#### Goal of the exercise:
Print the records below exactly, and do not carry over any picture.

#### Source material:
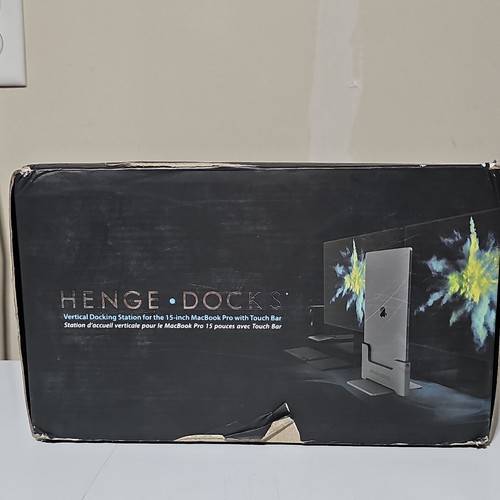 Henge docks hd05va15mbp - henge,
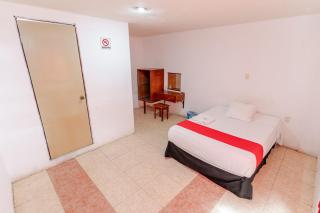 HOTEL LOS CEDROs - 9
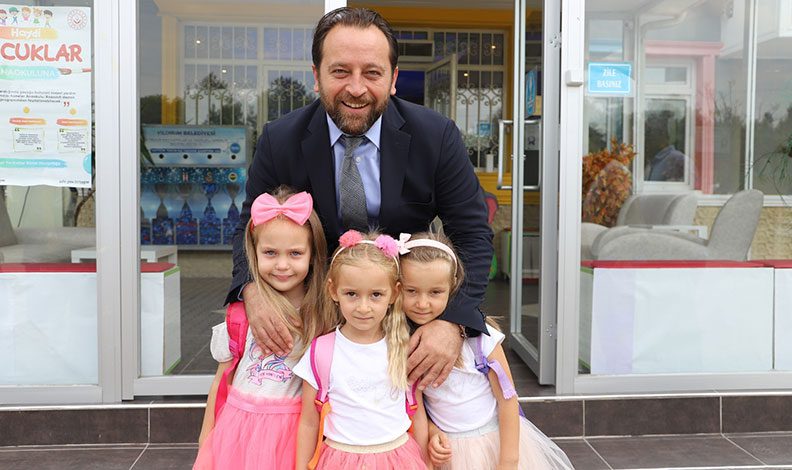 Bursa’da anaokuluna gitmeyen çocuk kalmayacak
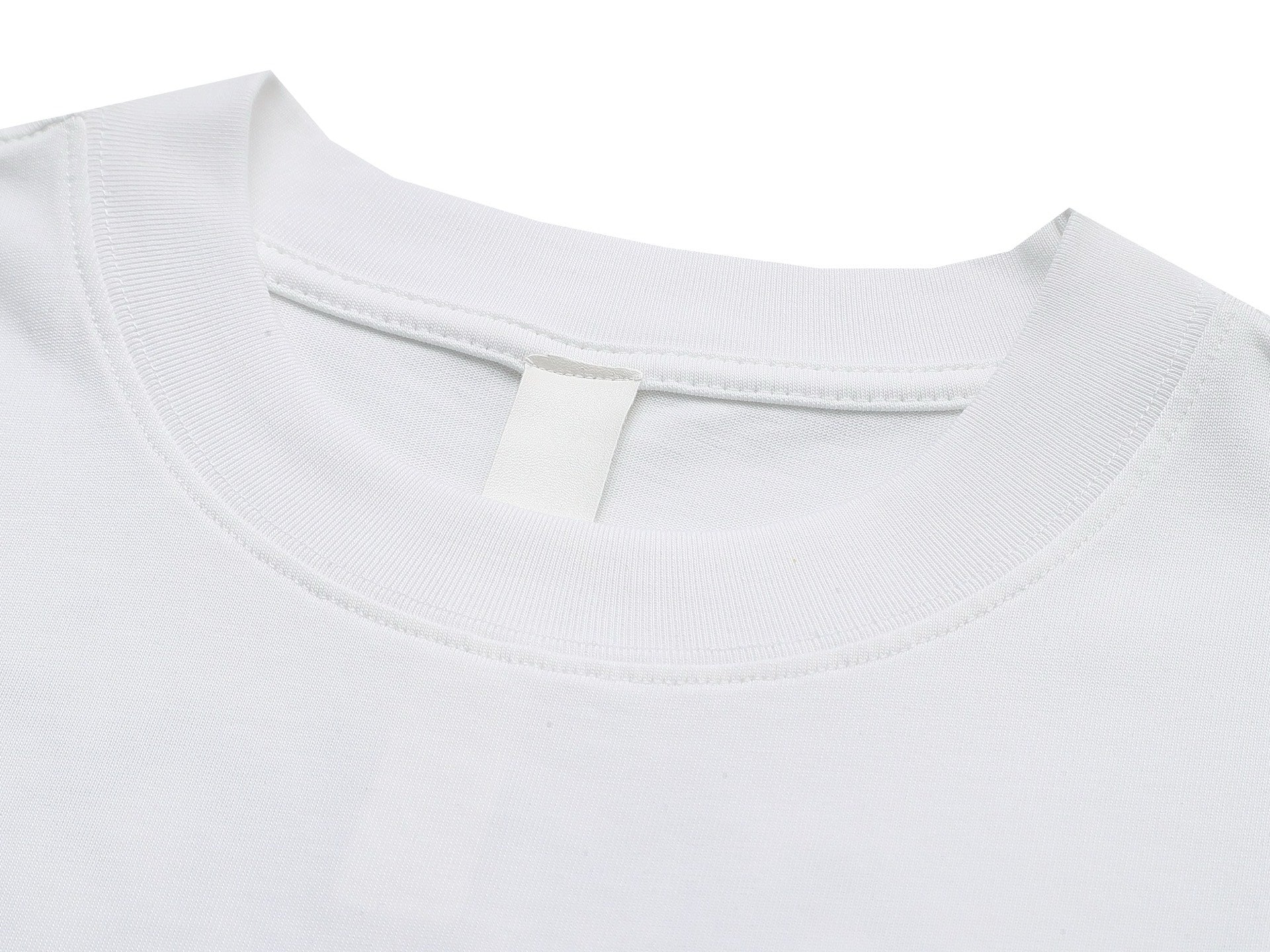 LuxluxHouse Best Quality Clothes Chrome Hearts T-shirt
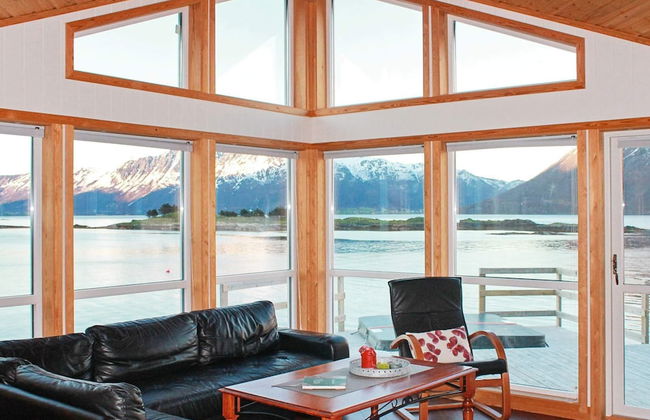 Holiday Home in Gullesfjord - Foto 8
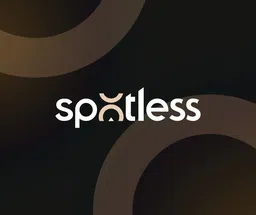 Logo SPOTLESS Việt Nam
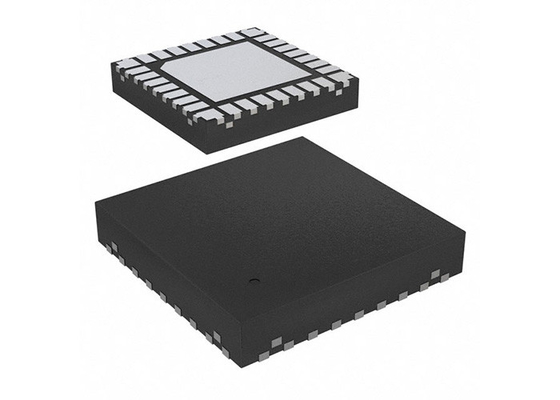 Puce de circuit intégré MC33926PNBR2 5A H-Bridge Brushed DC Motor Driver 32-PQFN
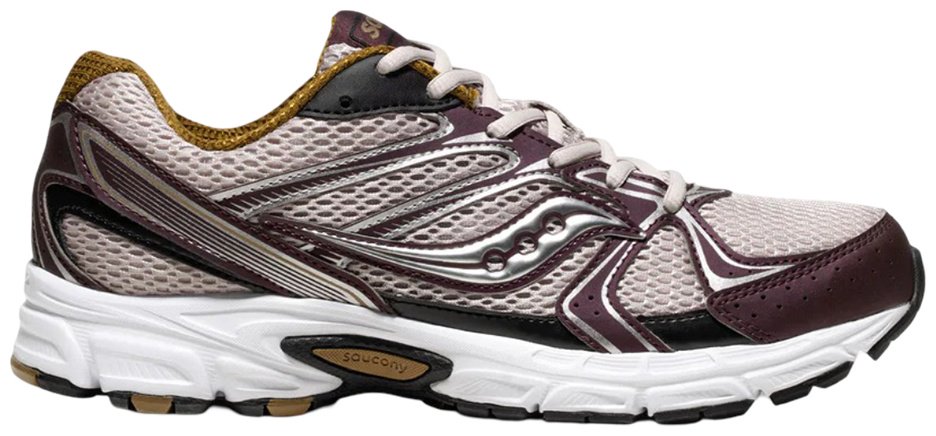 Кроссовки Saucony Ride Millennium мультиколор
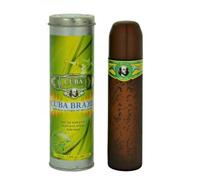 Cuba Brazil Eau de Toilette per uomo 100 ml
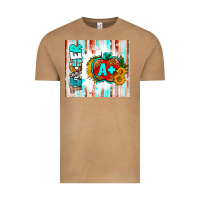 Vintage Camel teacher a+ tumbler Vintage Tee - BundleAndBundleShop
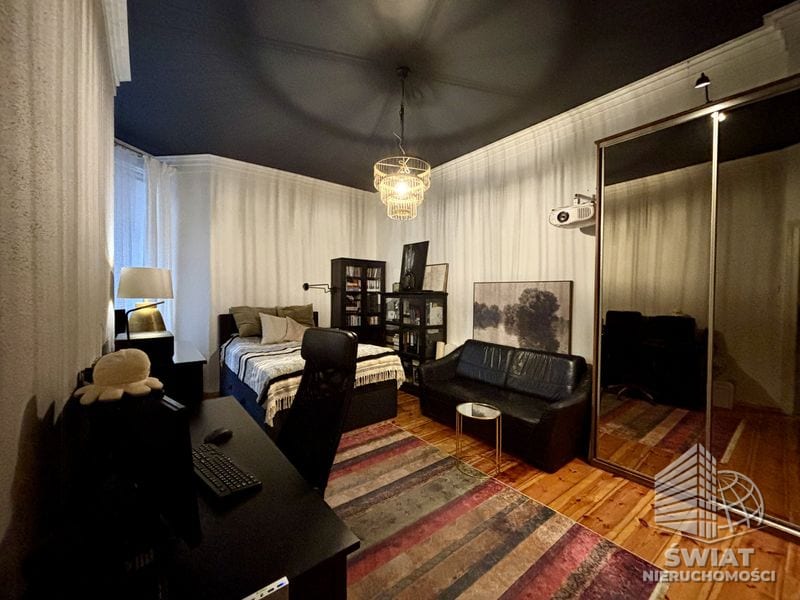 Mieszkanie na sprzedaż, Szczecin Centrum, 3 pokoje, 83 m² — OST20542, zdjęcie 6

#### Exercise solution:
 Henge docks hd05va15mbp - henge,
 HOTEL LOS CEDROs - 9
 Bursa’da anaokuluna gitmeyen çocuk kalmayacak
 LuxluxHouse Best Quality Clothes Chrome Hearts T-shirt
 Holiday Home in Gullesfjord - Foto 8
 Logo SPOTLESS Việt Nam
 Puce de circuit intégré MC33926PNBR2 5A H-Bridge Brushed DC Motor Driver 32-PQFN
 Кроссовки Saucony Ride Millennium мультиколор
 Cuba Brazil Eau de Toilette per uomo 100 ml
 Vintage Camel teacher a+ tumbler Vintage Tee - BundleAndBundleShop
 Mieszkanie na sprzedaż, Szczecin Centrum, 3 pokoje, 83 m² — OST20542, zdjęcie 6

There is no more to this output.